Outcomes of a project funded by the US National Science Foundation
Federal Award ID: EAR-1520760
The Spectrum of Fault Slip Behaviors and the Mechanics of Slow Earthquakes
C. Marone (Penn State University)
This project was a systematic investigation of the physics of slow earthquakes, with particular focus on the mechanical processes that dictate the slip speed and propagation velocity of slow ruptures. Laboratory and theoretical studies were designed to address: 1) the underlying processes of slow slip, with focus on the frictional mechanisms and continuum coupling that may explain the spectrum of fault slip behaviors in nature, 2) microstructural studies of the laboratory samples to assess how shear localization and strain distribution compare between normal (fast) and slow stick-slip, and 3) acoustic measurement of fault zone elastic properties, with particular focus on precursors to failure. We worked to evaluate the well known connections between frictional stick-slip (lab earthquakes) and ordinary (fast) earthquakes and to extend the analogy between lab earthquakes and the spectrum of tectonic faulting styles from slow slip events to slow earthquakes and ordinary earthquakes. The results have provided significatn insight into the mechanics of slow earthquakes and other forms of quasi-dynamic fault slip.
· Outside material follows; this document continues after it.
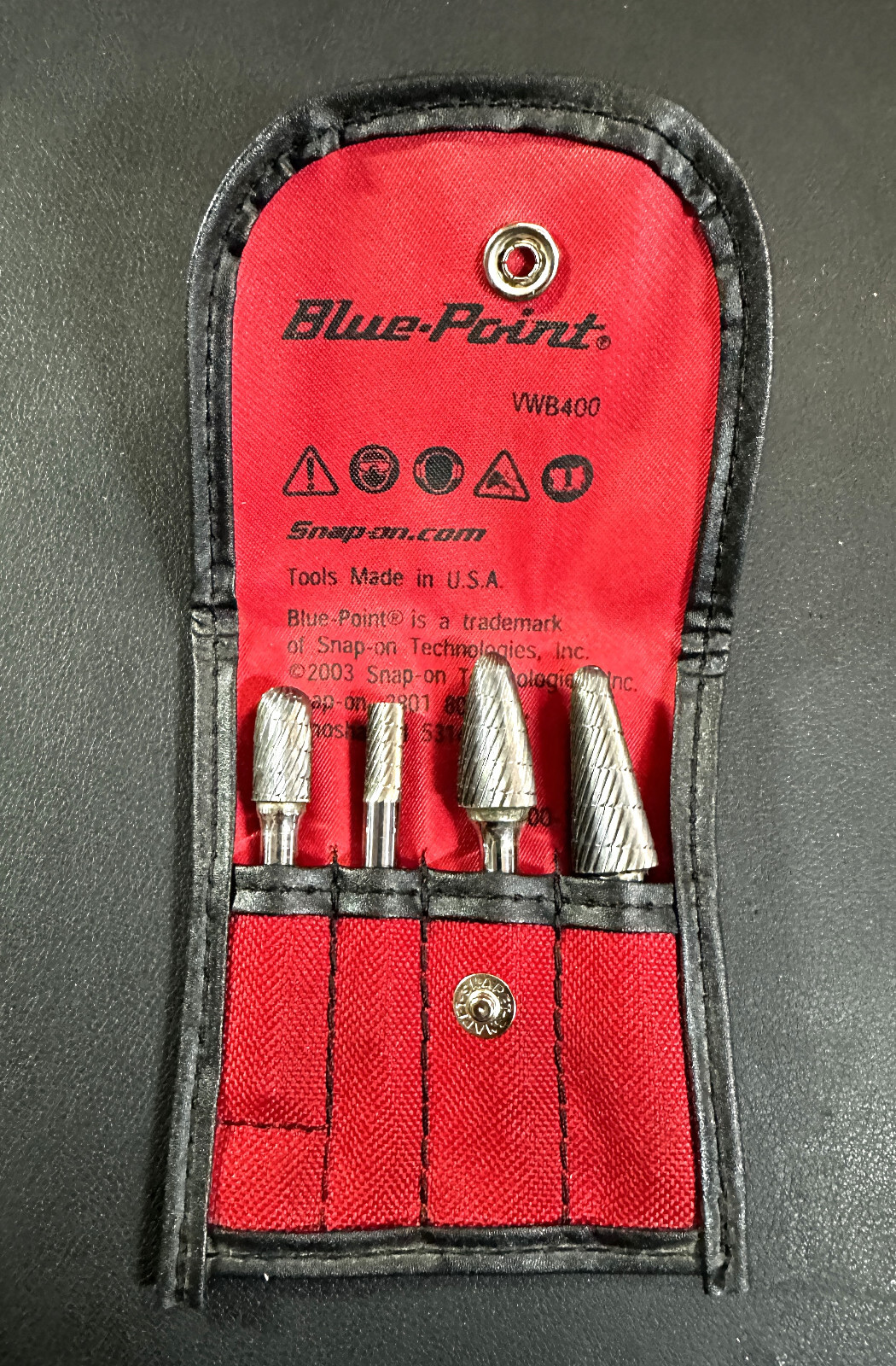 BLUE POINT VWB400 4 Piece Carbide Burr Set with Kit Bag USA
We published a total of 41 papers and an equal/larger number of meeting abstracts. We gave over a dozen talks at national meetings and we helped researchers in other labs learn the techniques necessary to study slow earthquakes in the lab.
We improved our understanding of precursors to lab earthquakes and discovered that mean stress dependent changes in fault zone elastic properties can mask the changes that occur prior to failure.
We discovered that previous work, dating back to 1992, on the effects of fault normal stress on fault strength had missed an important effect related to fault slip velocity and frictional state (memory effects). The results have major implications for the use of acoustic waves to monitor fault contact area and strength.
The project supported 5 graduate students who developed skills for computation, data collection and analyis, technical skills for laboratory work, communication skills and the presentation and writing skills that come with presenting and publishing scientific research.
Our work is described in a number of publications, including the following. Most of these are freely available. Anyone who would like access to others should contact Chris Marone at marone@psu.edu
- Bolton, D. C., Shreedharan, S. Rivière, J., and C. Marone, C, Acoustic energy release during the laboratory seismic cycle: insights on laboratory earthquake precursors and prediction, J. Geophys. Res. Solid Earth, 125, 10.1029/2019JB018975, 2020.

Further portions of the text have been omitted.